Expect to pay more for food in 2019
According to a new report, 2019 will be rough on vegetarians and pretty good for the country's carnivores.
The 2019 Canada Food Price Report, a collaboration between Dalhousie University in Nova Scotia and the University of Guelph in Ontario, suggests grocery prices will rise between one and six per cent next year, with an overall increase at about three and a half per cent.
The greatest hike will be in the produce aisle, where consumers are expected to pay between four and six per cent for vegetables.
One of the study's lead authors and Dalhousie professor Sylvain Charlebois said the anticipated increase can be linked to climate change, which has cause drier conditions in parts the United States and Mexico where Canada gets many of its vegetables.
A similar situation led to a massive spike in the price of cauliflower in 2016.

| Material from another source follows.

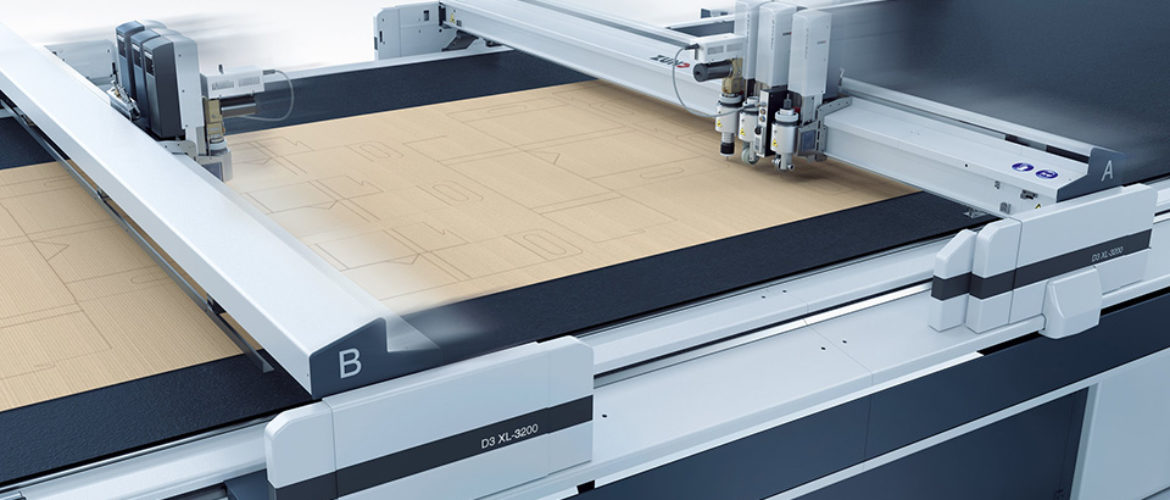 Die cut packaging on Zund D3 flatbed cutter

Other sections of the grocery store expected to cost more next year, dairy products and eggs (+0-2%), fruits and nuts (+1-3%), and bread (+1-3%).
If you try to escape the grocery store and want to head to the restaurant, your bill is expected to jump as well, between two and four per cent.
The only area not projected to see an increase is meat, fish and seafood.
The study suggests meat prices will actually drop, between one and three per cent, due to the belief Canadians will continue to reduce or phase out their meat consumption.
Charlebois said meat prices are expected to continue their drop until 2020.
Overall, the report said a family with a "healthy" food cart can expect to pay $411 more on food, increasing the average annual food budget to $12,150 in 2019.